T7.  Mr. Roger Williams (Brecon and Radnorshire) (LD): As has been mentioned, those households that do not have the benefit of mains gas are more liable to suffer fuel poverty because of the cost of alternative fuel. Historically, the liquefied petroleum gas market has been very uncompetitive, but the Office of Fair Trading has now introduced regulations to bring more competition into the market. Unfortunately many consumers do not realise the opportunities that they now have to reduce the cost of fuel. Will the Secretary of State consider a publicity programme so that those consumers can understand the opportunities they have and reduce their fuel costs?
The Minister of State, Department of Energy and Climate Change (Joan Ruddock): I am grateful to the hon. Gentleman for his suggestions. He is absolutely right. There is continuing concern about that matter and about people who are off the gas grid and do not have options. We are looking at ways of dealing with that, particularly through the Energy Bill and mandated tariffs, which could be of some help but not sufficient-I agree with him on that. He suggests publicising what is available to people, which is a good idea and we will certainly look at that.
Paddy Tipping (Sherwood) (Lab): Will the Secretary of State reassure domestic gas consumers that, even in extreme cold weather, good management of the grid, the use of North sea reserves and the interconnector mean that there is no prospect of their supplies being cut off?
Edward Miliband: My hon. Friend raises an important issue. We have seen, on successive days this week, record demand on the grid. Obviously, I am in regular touch with the National Grid about that. It assures me that supply can meet the demand out there, despite the quite extreme weather conditions we are facing. I maintain vigilance on that and talk regularly to the National Grid.
Mr. John Baron (Billericay) (Con): Given the confusion caused by energy companies having more than 4,000 different tariffs, many Opposition Members believe that in order to help people who are paying too much for their energy, and particularly those living in fuel poverty, energy companies should be obliged to publish on all domestic bills whether their customers are on their cheapest tariff. When I raised this issue with the Secretary of State last year-
Edward Miliband: The hon. Gentleman has been a doughty fighter on this issue. My understanding is that Ofgem is introducing, as my hon. Friend the Under-Secretary mentioned in an earlier answer, an annual statement that must be provided to customers, and which gives the information the hon. Gentleman wants. I am sure that if that is not the case, the hon. Gentleman will take the matter up with my hon. Friend or myself.

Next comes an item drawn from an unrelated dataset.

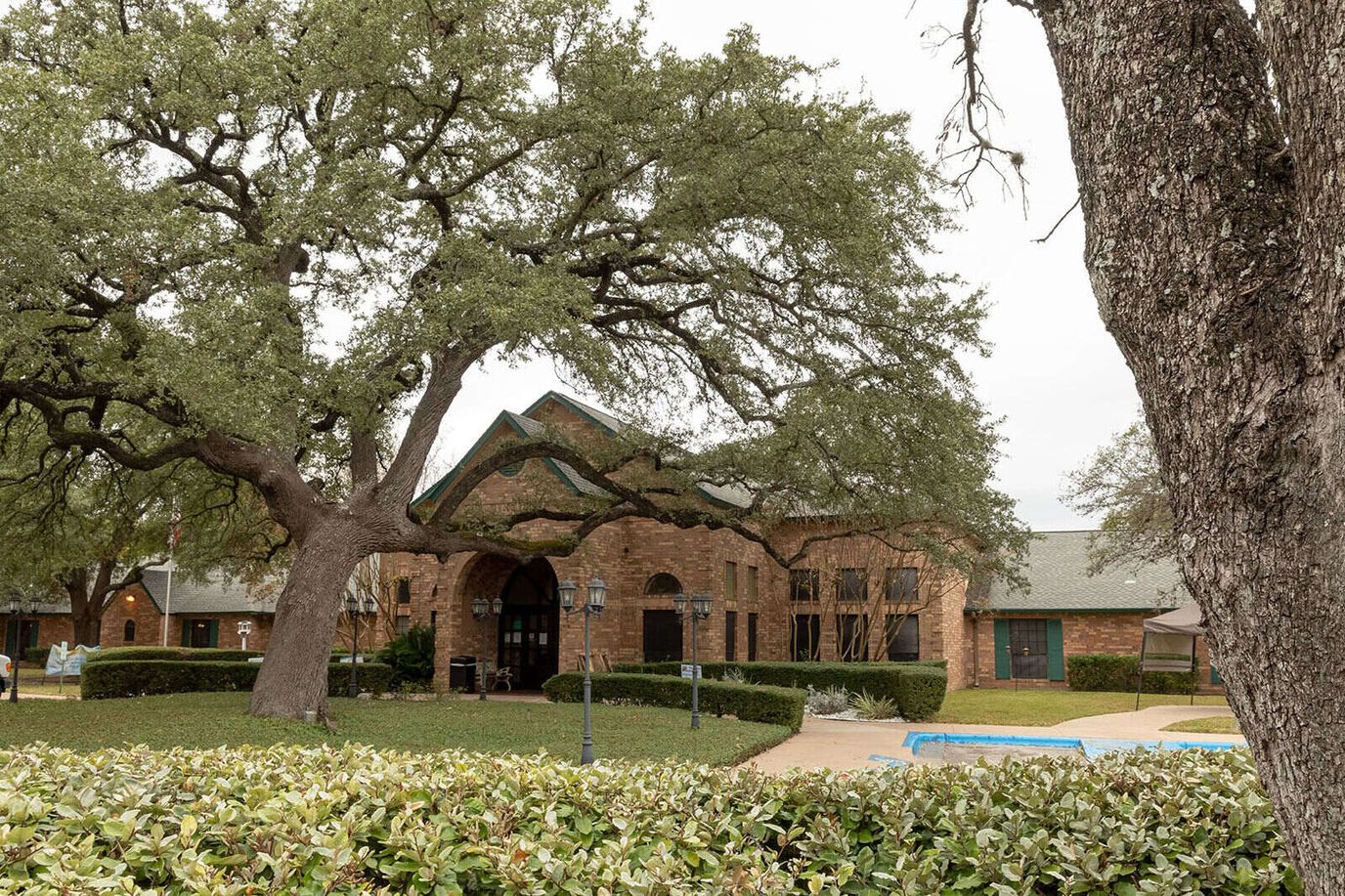 Exterior view of the Brush Country Nursing and Rehabilitation building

Gwyn Prosser (Dover) (Lab): The village of St. Margaret's in my constituency is working hard to become a low-carbon community. Can the Secretary of State assure us that the funding for the challenge scheme will continue, and will he join me in paying a visit to St. Margaret's to see the excellent work the community is doing?
Edward Miliband: I pay tribute to the community my hon. Friend represents and to the people of St. Margaret's for what they are doing. The low-carbon communities challenge has been a great success in terms of the number of applications received, and we want to help as many communities as possible to be trailblazers for low carbon, showing how the transition to it can make a difference to people's lives through the introduction of smart meters, insulation, renewable energy and a whole range of other measures. All this is part of the positive vision that we must offer for tackling climate change.